• [Task item]: The listing below contains a span that opens with the line containing "Casa à venda" and closes with the line containing "Weekend by Max". Return that span exactly.

• [Material for the task]:
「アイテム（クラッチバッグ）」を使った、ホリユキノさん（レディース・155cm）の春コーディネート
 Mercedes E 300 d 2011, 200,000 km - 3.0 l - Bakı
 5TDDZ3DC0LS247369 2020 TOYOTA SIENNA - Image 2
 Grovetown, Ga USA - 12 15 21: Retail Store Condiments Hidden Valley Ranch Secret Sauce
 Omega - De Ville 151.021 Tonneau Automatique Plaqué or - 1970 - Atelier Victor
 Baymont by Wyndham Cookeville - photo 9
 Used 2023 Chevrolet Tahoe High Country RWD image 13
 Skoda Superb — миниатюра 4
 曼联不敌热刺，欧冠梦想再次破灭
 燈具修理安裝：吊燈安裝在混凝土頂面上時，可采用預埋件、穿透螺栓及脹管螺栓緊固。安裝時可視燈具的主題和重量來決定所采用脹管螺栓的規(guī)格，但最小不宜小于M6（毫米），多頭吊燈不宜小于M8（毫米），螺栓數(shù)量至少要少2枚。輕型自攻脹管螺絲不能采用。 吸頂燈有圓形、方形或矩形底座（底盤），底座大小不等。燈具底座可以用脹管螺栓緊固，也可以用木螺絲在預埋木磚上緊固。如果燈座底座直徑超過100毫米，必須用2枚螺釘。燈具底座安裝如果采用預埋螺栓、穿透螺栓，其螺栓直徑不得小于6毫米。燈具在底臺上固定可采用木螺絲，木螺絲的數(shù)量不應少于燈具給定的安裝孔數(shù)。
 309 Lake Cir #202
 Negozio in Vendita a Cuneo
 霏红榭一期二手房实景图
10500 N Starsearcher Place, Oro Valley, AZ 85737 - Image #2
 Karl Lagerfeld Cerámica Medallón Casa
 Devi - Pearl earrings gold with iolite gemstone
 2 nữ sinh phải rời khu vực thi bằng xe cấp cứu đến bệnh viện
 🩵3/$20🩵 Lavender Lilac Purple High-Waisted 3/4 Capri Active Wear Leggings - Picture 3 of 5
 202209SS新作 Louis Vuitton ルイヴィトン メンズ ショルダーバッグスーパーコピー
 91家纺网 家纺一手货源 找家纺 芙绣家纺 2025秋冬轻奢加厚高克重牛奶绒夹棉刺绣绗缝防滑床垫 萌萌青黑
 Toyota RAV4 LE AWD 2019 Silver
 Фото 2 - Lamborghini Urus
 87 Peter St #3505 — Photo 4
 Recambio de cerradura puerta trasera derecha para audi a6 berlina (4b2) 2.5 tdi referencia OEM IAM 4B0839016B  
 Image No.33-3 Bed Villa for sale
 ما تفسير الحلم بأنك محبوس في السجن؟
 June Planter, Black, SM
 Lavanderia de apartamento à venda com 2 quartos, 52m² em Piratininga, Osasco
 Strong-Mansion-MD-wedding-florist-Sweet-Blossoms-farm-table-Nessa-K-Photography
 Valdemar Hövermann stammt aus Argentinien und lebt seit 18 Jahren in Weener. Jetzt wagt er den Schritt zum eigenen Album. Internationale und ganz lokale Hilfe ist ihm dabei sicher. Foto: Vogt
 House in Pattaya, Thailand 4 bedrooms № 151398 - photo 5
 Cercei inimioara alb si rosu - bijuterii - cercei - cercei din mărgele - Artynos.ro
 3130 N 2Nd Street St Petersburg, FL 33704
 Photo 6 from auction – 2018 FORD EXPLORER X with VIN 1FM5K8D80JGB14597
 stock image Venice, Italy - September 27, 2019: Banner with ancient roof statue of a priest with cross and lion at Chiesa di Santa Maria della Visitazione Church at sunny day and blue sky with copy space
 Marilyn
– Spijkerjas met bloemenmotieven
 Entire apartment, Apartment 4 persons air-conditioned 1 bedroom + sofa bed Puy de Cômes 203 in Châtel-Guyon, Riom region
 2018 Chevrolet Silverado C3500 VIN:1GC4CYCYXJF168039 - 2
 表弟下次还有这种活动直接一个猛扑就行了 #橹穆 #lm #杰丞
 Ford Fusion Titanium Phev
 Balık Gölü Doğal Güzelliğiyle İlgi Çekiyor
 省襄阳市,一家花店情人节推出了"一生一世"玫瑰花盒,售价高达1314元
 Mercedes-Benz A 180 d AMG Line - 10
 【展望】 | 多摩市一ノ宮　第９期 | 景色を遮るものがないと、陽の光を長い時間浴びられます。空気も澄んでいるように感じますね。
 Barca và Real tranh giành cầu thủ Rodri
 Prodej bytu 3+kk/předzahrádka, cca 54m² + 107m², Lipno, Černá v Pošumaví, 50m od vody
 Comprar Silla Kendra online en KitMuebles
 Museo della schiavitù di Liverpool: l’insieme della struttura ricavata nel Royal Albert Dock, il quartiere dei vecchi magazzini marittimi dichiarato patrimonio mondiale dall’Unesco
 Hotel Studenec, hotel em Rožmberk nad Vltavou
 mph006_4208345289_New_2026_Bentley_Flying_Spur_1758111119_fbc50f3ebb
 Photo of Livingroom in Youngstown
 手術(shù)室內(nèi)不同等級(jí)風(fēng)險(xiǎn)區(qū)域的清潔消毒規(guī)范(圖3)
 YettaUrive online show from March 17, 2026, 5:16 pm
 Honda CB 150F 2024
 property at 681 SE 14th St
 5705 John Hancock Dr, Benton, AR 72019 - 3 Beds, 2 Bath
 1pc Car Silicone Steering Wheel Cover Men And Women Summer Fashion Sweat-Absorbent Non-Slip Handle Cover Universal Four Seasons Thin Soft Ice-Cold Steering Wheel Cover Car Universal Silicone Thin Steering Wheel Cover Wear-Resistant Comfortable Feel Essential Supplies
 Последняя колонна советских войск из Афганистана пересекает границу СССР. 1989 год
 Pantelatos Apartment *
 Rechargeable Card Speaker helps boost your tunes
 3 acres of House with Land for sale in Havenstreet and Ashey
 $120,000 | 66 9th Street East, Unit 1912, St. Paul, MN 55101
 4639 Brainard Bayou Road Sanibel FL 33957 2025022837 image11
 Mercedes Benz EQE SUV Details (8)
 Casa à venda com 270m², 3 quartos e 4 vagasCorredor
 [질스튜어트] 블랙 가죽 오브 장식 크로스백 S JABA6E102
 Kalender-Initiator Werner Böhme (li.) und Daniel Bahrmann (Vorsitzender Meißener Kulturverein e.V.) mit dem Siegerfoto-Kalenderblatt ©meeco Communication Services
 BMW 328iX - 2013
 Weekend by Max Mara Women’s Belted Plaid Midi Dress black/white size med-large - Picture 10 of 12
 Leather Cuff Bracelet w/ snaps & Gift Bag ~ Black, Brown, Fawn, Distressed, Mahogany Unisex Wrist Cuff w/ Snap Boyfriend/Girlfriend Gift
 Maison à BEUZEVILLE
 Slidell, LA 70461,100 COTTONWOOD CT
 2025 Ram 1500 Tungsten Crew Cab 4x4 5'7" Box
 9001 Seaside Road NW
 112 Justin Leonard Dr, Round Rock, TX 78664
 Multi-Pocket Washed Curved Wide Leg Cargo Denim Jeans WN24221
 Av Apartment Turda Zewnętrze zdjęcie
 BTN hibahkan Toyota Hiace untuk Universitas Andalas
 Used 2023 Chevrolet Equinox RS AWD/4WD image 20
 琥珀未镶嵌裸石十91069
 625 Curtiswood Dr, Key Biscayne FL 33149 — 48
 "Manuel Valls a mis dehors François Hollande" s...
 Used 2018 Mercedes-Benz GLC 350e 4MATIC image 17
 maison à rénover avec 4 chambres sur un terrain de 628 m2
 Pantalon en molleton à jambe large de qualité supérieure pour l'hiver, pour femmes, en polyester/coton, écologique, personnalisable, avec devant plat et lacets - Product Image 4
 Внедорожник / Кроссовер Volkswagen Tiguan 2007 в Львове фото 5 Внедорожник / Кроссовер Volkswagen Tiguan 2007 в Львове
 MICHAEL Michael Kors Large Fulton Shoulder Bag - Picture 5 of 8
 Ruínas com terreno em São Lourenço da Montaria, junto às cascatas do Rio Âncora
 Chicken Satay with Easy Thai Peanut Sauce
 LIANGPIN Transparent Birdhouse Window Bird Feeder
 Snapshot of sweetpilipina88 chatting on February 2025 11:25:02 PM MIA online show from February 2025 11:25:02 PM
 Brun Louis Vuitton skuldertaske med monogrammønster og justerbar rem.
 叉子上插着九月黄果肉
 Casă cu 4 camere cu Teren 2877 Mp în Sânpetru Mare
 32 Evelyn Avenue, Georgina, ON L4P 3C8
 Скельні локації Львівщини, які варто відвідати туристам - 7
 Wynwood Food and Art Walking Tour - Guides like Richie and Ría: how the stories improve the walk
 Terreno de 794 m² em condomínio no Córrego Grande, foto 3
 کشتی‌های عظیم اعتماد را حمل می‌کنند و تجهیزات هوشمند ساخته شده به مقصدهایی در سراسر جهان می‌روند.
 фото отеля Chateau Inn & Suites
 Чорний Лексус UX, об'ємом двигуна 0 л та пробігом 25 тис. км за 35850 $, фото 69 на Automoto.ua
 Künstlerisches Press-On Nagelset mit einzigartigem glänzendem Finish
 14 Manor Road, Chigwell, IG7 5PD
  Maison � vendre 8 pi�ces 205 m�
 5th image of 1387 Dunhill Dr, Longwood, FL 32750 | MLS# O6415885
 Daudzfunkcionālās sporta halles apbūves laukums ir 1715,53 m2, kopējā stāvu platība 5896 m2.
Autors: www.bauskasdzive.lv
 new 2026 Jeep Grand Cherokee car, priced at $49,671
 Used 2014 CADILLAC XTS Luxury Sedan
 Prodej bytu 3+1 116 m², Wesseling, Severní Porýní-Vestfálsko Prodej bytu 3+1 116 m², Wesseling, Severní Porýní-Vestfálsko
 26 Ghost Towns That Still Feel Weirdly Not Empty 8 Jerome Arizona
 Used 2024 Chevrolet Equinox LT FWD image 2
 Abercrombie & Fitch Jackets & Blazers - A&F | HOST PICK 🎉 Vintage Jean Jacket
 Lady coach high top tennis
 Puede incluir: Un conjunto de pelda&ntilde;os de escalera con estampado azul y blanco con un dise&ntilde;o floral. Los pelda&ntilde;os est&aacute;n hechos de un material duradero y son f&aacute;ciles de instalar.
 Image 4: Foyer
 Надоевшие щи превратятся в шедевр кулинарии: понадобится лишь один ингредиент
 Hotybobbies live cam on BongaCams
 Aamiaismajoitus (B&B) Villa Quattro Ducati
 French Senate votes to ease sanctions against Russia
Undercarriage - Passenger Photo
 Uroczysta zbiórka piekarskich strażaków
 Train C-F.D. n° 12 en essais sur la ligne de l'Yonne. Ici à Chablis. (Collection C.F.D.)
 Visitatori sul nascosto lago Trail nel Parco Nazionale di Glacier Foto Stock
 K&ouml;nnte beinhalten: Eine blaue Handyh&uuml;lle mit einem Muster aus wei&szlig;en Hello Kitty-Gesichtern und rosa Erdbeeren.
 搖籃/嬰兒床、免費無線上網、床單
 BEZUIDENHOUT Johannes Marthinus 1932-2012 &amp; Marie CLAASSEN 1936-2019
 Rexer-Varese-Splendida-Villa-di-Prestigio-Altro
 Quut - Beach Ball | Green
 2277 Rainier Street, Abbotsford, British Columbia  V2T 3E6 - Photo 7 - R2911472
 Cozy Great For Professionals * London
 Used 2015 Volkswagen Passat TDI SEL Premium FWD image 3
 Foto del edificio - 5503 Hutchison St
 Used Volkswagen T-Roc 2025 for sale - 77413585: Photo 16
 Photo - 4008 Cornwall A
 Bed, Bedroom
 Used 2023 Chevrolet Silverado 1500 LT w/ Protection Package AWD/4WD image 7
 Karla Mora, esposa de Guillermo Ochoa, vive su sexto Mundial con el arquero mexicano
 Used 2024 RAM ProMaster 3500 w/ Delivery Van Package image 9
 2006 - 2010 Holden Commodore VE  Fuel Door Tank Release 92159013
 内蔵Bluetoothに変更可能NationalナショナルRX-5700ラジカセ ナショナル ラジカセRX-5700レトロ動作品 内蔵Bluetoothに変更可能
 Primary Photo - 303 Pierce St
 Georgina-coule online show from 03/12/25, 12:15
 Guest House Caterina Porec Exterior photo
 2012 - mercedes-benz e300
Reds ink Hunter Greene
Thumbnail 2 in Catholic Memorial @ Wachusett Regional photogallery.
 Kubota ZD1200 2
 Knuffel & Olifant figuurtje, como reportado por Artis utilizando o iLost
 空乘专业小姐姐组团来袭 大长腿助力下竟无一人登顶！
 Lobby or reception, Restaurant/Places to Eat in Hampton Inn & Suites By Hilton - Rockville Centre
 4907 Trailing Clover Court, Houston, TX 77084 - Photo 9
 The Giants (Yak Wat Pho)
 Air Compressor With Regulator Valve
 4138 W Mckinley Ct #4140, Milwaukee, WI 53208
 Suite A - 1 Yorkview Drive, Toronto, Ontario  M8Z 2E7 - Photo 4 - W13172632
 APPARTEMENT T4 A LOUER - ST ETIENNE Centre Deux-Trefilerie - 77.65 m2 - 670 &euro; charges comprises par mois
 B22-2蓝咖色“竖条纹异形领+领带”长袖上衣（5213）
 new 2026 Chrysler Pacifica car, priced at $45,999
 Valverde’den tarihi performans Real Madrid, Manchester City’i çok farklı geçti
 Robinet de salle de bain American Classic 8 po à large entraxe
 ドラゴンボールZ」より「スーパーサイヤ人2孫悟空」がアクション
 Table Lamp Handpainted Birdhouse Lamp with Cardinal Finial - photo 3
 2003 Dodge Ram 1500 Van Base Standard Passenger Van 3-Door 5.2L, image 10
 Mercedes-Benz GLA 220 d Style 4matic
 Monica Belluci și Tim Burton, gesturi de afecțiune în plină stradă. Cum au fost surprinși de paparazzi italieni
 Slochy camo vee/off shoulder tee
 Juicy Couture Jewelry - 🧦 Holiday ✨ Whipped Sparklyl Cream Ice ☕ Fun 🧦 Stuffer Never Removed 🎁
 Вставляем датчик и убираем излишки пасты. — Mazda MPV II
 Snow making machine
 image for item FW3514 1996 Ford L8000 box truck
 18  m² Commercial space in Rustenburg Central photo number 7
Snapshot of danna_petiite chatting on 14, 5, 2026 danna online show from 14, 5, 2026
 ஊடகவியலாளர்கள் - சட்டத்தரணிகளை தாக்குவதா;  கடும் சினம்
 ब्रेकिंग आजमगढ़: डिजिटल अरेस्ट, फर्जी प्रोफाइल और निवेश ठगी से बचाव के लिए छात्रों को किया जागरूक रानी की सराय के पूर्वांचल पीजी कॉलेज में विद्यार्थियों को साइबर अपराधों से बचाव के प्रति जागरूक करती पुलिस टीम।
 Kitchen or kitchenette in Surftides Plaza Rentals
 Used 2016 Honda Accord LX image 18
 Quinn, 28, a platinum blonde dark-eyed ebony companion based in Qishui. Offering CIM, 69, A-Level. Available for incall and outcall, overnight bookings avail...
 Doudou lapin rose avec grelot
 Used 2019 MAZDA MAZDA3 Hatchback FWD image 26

• [Output below]:
 Casa à venda com 270m², 3 quartos e 4 vagasCorredor
 [질스튜어트] 블랙 가죽 오브 장식 크로스백 S JABA6E102
 Kalender-Initiator Werner Böhme (li.) und Daniel Bahrmann (Vorsitzender Meißener Kulturverein e.V.) mit dem Siegerfoto-Kalenderblatt ©meeco Communication Services
 BMW 328iX - 2013
 Weekend by Max Mara Women’s Belted Plaid Midi Dress black/white size med-large - Picture 10 of 12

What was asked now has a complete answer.